The silence had never truly settled. It was simply that we had stopped hearing it. In a place like this, even the absence of sound felt dangerous, as if something were listening just beyond the smooth, artificial air. Ayyi stood motionless in front of the symbol carved into the wall, watching it as though he expected it to move again. Bintou slowly circled us, her steps heavy against the strangely hollow floor. As for Amad, he was breathing too fast, like every extra second inside this place was costing him a piece of his stability.
I still couldn't erase the silhouette I had glimpsed earlier. It had my shape. My posture. That same lack of expression I never realized I could wear. Maybe my mind was playing tricks on me. Maybe the light was distorting things. But nothing here followed logic. Nothing reflected anything. No shadows. No reference points. Just a perfect, artificial brightness, as if the Arena were imitating the idea of a space without ever creating a real one.
"We need to move," Ayyi said.
His voice crossed the room like a scalpel. He never wasted words. If he spoke, it meant he had already reached a conclusion. Bintou stopped immediately. Amad lifted his head as if someone had just given him a vital order. I waited. When Ayyi observed in silence for too long, it was rarely good news.
"Move where?" I asked. The question sounded foolish in a place without doors or horizons, but someone had to ask it.
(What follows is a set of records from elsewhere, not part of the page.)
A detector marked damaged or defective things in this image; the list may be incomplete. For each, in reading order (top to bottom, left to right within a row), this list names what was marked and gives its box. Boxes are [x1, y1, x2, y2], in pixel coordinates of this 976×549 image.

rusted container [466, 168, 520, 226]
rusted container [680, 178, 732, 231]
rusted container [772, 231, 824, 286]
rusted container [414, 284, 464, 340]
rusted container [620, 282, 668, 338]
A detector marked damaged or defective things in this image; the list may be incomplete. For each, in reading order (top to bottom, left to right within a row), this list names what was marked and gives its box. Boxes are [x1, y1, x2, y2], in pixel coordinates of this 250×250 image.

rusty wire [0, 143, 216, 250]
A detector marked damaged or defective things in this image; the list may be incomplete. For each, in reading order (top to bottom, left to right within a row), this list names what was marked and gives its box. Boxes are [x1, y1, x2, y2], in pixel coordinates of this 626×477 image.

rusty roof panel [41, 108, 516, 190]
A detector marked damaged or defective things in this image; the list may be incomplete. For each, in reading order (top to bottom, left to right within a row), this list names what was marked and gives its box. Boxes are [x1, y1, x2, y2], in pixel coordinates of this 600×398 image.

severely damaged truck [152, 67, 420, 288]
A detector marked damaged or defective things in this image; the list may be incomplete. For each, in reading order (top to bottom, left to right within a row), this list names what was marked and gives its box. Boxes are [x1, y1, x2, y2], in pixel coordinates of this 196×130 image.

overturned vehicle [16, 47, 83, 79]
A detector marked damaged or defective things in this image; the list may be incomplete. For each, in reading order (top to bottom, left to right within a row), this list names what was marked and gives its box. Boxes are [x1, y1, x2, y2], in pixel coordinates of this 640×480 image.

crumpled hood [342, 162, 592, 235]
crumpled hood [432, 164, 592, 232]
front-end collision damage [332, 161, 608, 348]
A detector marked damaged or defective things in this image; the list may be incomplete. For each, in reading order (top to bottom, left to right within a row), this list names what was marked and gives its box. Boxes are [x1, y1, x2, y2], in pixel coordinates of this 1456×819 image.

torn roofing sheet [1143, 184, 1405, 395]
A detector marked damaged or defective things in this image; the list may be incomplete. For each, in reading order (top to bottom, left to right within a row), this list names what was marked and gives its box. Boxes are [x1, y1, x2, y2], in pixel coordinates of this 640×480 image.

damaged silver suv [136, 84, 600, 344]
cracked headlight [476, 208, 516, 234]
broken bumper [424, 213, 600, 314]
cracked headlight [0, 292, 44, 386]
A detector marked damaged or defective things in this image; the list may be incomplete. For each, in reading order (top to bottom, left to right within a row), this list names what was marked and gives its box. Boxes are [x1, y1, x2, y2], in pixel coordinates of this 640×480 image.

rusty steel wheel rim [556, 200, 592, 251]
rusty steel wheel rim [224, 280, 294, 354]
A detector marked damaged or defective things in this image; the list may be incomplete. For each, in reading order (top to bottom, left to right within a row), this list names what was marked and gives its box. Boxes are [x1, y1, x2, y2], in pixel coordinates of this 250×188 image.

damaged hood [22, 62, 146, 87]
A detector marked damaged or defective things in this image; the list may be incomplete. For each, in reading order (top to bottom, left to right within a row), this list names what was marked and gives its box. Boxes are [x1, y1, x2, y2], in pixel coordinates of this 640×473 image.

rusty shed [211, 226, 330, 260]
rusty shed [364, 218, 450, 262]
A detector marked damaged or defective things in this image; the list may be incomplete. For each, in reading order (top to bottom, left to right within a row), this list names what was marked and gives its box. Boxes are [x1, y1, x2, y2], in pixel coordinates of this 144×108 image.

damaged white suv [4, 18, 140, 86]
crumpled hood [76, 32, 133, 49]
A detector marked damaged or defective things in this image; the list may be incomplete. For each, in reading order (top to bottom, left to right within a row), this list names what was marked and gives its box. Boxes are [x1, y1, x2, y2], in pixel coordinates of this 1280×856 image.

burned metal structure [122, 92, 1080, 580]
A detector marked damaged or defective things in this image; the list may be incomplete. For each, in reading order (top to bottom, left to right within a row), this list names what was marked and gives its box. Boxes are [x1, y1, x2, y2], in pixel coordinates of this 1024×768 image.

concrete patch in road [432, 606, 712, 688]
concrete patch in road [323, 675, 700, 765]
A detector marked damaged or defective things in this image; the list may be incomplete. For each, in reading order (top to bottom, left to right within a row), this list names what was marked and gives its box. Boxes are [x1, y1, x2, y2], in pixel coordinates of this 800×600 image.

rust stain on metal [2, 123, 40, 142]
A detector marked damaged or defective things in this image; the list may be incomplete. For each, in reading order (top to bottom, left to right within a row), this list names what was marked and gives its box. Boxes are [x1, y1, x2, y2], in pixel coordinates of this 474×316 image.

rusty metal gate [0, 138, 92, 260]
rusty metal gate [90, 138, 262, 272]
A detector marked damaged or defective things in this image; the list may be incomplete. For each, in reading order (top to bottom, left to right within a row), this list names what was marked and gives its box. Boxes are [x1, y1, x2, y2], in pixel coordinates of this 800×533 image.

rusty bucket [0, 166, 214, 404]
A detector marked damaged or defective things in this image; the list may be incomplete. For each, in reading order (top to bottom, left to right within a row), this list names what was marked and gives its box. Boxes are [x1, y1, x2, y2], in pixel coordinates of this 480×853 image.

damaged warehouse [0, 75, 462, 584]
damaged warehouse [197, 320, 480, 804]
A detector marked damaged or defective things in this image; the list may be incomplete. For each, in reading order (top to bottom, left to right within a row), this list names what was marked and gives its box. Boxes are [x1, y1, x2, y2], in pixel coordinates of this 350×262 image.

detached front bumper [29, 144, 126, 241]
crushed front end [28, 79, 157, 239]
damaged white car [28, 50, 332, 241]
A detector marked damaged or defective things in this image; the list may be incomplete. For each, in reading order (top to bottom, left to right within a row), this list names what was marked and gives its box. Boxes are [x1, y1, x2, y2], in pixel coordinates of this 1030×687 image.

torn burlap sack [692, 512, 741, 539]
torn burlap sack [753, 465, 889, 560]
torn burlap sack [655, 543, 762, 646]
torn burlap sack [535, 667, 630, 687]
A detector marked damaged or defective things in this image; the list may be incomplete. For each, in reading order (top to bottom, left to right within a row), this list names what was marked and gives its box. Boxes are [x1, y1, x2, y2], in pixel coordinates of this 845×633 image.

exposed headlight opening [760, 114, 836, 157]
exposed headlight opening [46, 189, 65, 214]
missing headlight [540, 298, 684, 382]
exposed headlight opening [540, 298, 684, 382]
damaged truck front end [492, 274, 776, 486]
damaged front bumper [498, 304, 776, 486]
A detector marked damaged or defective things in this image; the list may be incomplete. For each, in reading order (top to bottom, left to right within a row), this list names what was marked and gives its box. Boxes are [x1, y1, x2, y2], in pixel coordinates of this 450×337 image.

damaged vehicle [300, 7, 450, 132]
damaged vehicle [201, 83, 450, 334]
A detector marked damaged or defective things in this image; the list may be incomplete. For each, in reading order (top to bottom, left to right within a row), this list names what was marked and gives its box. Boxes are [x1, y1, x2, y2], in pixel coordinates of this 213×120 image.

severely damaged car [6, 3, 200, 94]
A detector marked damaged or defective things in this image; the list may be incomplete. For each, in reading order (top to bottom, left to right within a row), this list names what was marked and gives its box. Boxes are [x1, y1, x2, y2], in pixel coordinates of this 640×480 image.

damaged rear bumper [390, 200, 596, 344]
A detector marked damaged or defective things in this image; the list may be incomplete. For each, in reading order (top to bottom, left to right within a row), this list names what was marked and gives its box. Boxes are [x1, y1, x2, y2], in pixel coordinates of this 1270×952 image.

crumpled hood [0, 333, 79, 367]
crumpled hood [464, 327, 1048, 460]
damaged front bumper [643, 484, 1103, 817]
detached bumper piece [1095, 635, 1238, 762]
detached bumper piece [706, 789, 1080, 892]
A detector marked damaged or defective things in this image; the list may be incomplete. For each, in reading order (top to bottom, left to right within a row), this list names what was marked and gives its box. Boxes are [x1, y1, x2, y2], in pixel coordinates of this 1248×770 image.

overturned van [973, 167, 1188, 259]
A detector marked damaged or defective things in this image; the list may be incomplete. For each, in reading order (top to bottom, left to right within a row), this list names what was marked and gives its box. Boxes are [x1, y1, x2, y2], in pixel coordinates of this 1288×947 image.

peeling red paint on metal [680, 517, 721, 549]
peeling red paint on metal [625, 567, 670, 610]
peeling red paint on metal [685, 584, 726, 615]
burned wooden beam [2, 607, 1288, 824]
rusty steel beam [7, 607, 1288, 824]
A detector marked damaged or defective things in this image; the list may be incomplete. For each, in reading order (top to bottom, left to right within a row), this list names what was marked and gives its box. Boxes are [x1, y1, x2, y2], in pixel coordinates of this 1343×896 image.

Ayyi stepped toward the center of the room. "The Arena isn't static. It reacts." He closed his eyes briefly. "The floor changed. The resonance isn't the same as it was a minute ago."
"You mean it's listening to us?" Amad asked, uneasily. "Because I really don't like that."
"I don't know if it listens," Ayyi replied. "But it responds."
I had no desire to imagine what a place that responded might imply. If something was observing us, it meant there was a purpose. And purpose meant a plan.
A tremor passed through the floor. Not quite a quake. More like a breath. Bintou stepped back, ready to strike whatever might emerge from the white. Ayyi raised a hand, not to command her, but to prevent a reckless reaction. "Look," he said.
The wall where the symbol had appeared earlier began to deform. At first, I thought it was an optical illusion caused by the strange light. But the surface was truly stretching, like fabric being pulled from the other side. A thin black line appeared, sharp as a scratch, then slowly widened. Too slowly. As if the Arena wanted us to fully understand its intention.
"No. No, no, no," Amad said as he backed away. "I'm not going in there."
"If it's the exit, we don't really have a choice," Bintou said.
"Or maybe that's exactly what it wants," I murmured.
The fissure pulsed. A barely perceptible rhythm. Not a heartbeat. Something imitating the idea of one.
"It's not a door," Ayyi said as he approached, stopping about a meter away. "It's an invitation."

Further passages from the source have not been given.